- [TASK BRIEF]:
From the records below, extract only the lines running from the line with "QuizApp - Mobile" to the line with "Lotus Style Herrenarmband", both lines included, reproducing them exactly.

- [DATA TO USE]:
---*---

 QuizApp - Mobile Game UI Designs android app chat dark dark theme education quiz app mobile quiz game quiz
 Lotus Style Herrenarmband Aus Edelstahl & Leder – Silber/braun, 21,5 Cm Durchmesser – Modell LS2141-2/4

---*---

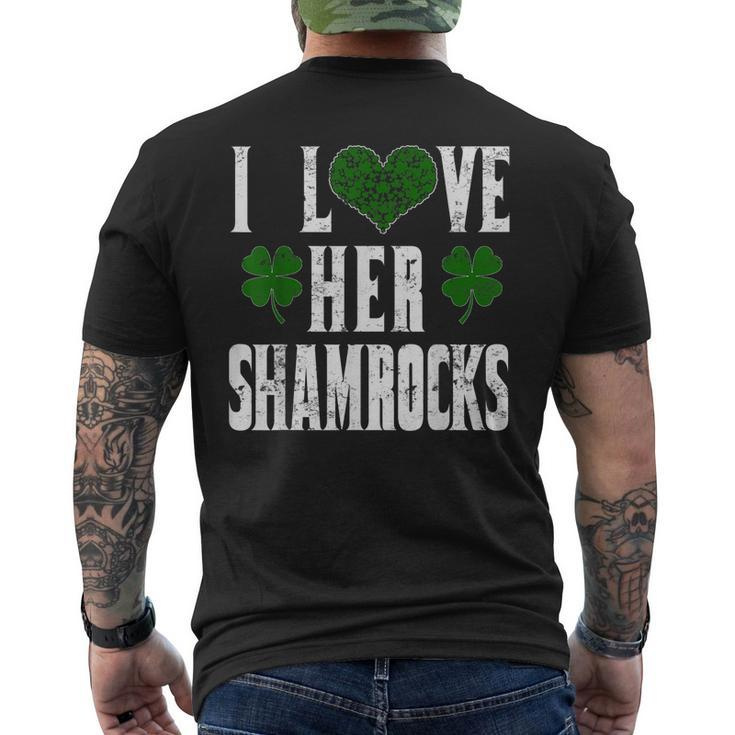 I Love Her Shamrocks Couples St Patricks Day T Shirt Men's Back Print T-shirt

---*---

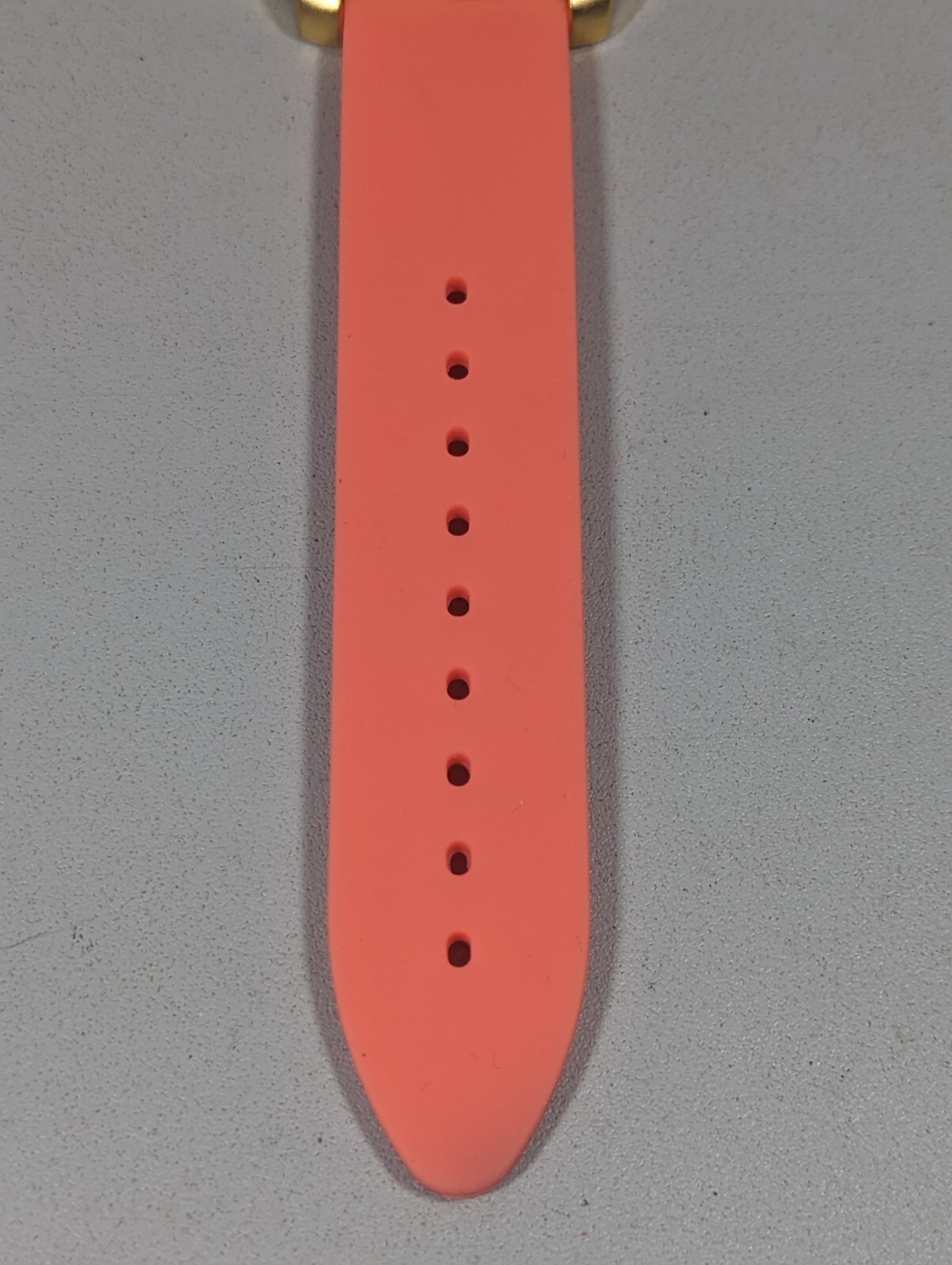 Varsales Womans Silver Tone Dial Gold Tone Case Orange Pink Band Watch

---*---

- [COMPLETED EXERCISE]:
 QuizApp - Mobile Game UI Designs android app chat dark dark theme education quiz app mobile quiz game quiz
 Lotus Style Herrenarmband Aus Edelstahl & Leder – Silber/braun, 21,5 Cm Durchmesser – Modell LS2141-2/4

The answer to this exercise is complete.